The student news site of Marquette University

Marquette Wire

The student news site of Marquette University

Marquette Wire

The student news site of Marquette University

Marquette Wire

YAKOB: Cosmopolitan is ‘secretly’ evil

So I was over at a friend’s place and there was not an issue of Cosmopolitan magazine on her kitchen table, but if there were, I would have been disgusted. That stuff is a bunch of bologna. Please, if you’re a girl – or a guy for that matter – and you read Cosmo, just stop it.

The whole idea of women who are “experts” about men telling other women about men just doesn’t sit well. It’s one of those intuitively flawed concepts, like drunk NASCAR. It sounds like a workable idea after you’ve thought about it long enough, but it’s still wrong on the surface.

For once, I’m actually serious.

Cosmopolitan survives by attracting readers so advertisers purchase ad space. To get those readers, Cosmo boasts content rife with “secrets” covering relationships, romance, beauty and health — not that I would know — and it’s all seemingly geared to “help” women become more appealing to men.

These secrets are bogus. It’s fake insider information, cultivating the illusion women will fall behind in the social loop if they don’t read it.

I’m not saying it’s bad to care about those topics. Cosmo just does it the wrong way, creating a false need to find out “his biggest secrets,” as written by some lady. Even if it were a man, he could only speak  for himself.

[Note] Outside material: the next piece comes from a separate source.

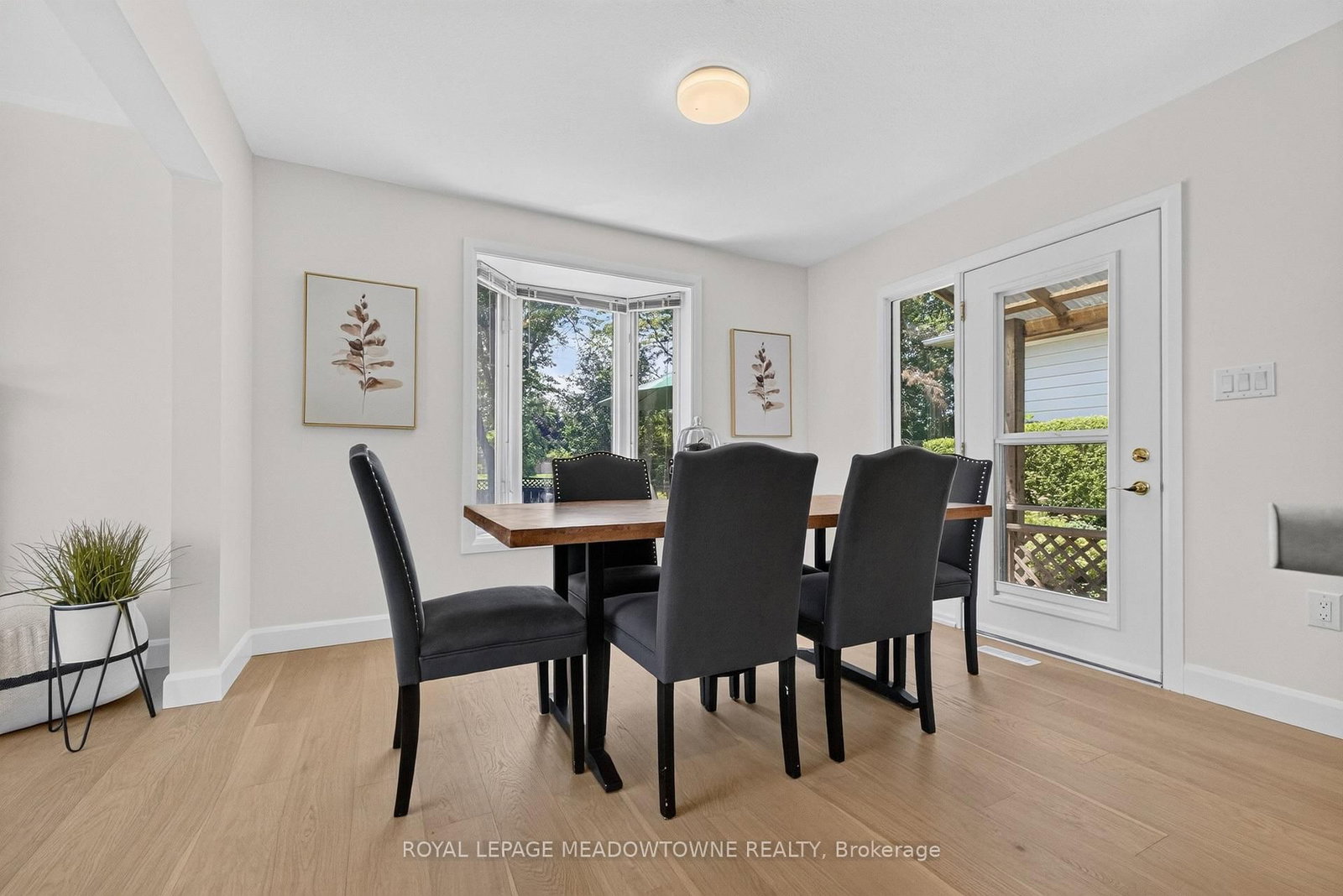 377 Delrex Boulevard • Halton Hills, ON photo 5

And it’s more complicated than that. The patriarchal media already has advertising that reflects ideologies for “women who need improvements,” and “men who are already worthy.”

Think of it this way: Female magazine ads display famous women normal girls “could be like,” while men’s ads suggest – sometimes by showing the same famous women – that normal guys are already capable of winning female affections.

They give a man value because he can throw a football farther than Uncle Rico, while they mislead women to be self-conscious. It’s a harmful strategy, playing on the ideology that girls are “highly emotional.”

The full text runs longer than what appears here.